Effective January 1, 2019, the Legislature enacted Senate Bill No. 1437 (2017-
2018 Reg. Sess.) (Stats. 2018, ch. 1015, § 4), which amended sections 188 and 189,
thereby eliminating natural and probable consequences liability for murder and narrowing
2
the definition of first degree felony murder. (People v. Gentile (2020) 10 Cal.5th 830,
843, 847, superseded by statute on another ground as stated in People v. Wilson (2023) 14
Cal.5th 839, 868-869.) The bill also created section 1172.6 (originally codified as section
1170.95) as a mechanism for retroactive application of those changes in the law. (People
v. Strong (2022) 13 Cal.5th 698, 708 (Strong).) Two years later, Senate Bill No. 775
(2021-2022 Reg. Sess.) amended the statute to make it applicable to defendants convicted
of attempted murder or manslaughter. (Stats. 2021, ch. 551, § 1; see also People v.
Curiel (2023) 15 Cal.5th 433, 449 (Curiel).)
In 2022, Ibanez filed a petition for resentencing under former section 1170.95 to
vacate his attempted murder conviction. The People opposed the petition, arguing that he
was ineligible for resentencing because he “was convicted of one count of attempted
murder under a theory of aiding and abetting, but not under a natural and probable
consequences theory. The jurors were never instructed on natural and probable
consequences and the theory was never relied on at any point in litigation.” The court
found that the “petition [was] meritless” after reviewing the “jury instruction[s] and the
record,” and it denied the petition. Ibanez did not appeal that order.
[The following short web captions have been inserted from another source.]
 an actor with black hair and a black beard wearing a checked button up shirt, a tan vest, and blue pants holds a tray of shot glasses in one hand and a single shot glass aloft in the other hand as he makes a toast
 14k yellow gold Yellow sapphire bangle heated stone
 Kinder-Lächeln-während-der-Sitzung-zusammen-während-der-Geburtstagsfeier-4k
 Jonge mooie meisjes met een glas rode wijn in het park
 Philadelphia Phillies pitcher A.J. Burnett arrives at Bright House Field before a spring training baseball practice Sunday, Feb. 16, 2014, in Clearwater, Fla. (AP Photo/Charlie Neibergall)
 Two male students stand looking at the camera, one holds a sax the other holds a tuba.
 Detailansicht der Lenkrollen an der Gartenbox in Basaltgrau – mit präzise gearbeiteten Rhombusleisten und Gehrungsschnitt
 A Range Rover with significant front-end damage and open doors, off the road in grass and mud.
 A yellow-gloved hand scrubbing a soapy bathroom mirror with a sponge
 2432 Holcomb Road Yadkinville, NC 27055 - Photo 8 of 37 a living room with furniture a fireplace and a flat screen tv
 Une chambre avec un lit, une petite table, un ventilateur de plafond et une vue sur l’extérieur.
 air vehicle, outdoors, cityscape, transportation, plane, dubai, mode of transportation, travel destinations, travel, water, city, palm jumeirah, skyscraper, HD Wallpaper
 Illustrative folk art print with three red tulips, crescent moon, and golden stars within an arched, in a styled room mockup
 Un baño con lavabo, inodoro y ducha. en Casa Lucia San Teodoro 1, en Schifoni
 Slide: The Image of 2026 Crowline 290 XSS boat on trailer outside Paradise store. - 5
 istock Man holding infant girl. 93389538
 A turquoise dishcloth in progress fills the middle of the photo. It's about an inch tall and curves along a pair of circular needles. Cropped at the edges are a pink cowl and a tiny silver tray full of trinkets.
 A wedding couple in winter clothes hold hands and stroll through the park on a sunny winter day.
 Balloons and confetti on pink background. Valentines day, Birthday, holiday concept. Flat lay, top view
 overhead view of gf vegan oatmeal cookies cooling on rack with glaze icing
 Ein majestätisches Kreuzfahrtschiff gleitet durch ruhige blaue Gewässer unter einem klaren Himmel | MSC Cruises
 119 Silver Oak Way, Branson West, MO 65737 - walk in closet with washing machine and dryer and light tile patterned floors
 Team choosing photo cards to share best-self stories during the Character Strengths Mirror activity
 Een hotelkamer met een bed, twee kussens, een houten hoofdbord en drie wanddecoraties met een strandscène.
In February 2024, Ibanez filed a second petition for resentencing under section
1172.6 to vacate his attempted murder conviction. The following month, the trial court
denied the petition on the ground that the denial of the prior petition “preclude[d]
reconsideration.”
3
DISCUSSION
We appointed counsel to represent Ibanez on appeal, and counsel filed a brief
under People v. Delgadillo (2022) 14 Cal.5th 216 (Delgadillo), raising no issues and
asking us to exercise our discretion to conduct an independent review of the record.
After defense counsel filed the Delgadillo brief, we advised Ibanez that he could file a
personal supplemental brief, which he did.
Ibanez argues that he is entitled to resentencing because there was “[a] more
logical explanation” of the facts and that the facts “do[] not line up with the [d]river
[d]irectly [a]iding [a] [p]assenger.” He argues that there was “much doubt” in the
prosecution’s theory that the driver was a direct aider and abettor.
Those arguments are irrelevant to Ibanez’s inability to make a prima facie case for
relief under section 1172.6. Section 1172.6 is a mechanism to provide relief for murder,
attempted murder, or manslaughter convictions that may have been based on now-invalid
theories. (Strong, supra, 13 Cal.5th at p. 708; Curiel, supra, 15 Cal.5th at p. 449.)
Ibanez’s jury was not instructed on any now-invalid theories of imputed malice as to the
charge of attempted murder, and the arguments in his supplemental brief have no
tendency to show the contrary. Those arguments therefore do not show that the trial
court erred by denying his 2024 petition.
4
DISPOSITION
The order is affirmed.
NOT TO BE PUBLISHED IN OFFICIAL REPORTS
MENETREZ J.
We concur:
FIELDS Acting P. J.
RAPHAEL J.
5
AI Brief
AI-generated · verify before citing
Holding. The court affirmed the denial of the defendant's petition for resentencing under Penal Code section 1172.6, finding the defendant failed to establish a prima facie case for relief because his conviction was not based on now-invalid theories of imputed malice.
Issues
Whether the trial court erred in denying the defendant's second petition for resentencing under Penal Code section 1172.6.
Disposition. Affirmed
Quotations verified verbatim against the opinion
“Ibanez’s jury was not instructed on any now-invalid theories of imputed malice as to the charge of attempted murder, and the arguments in his supplemental brief have no tendency to show the contrary.”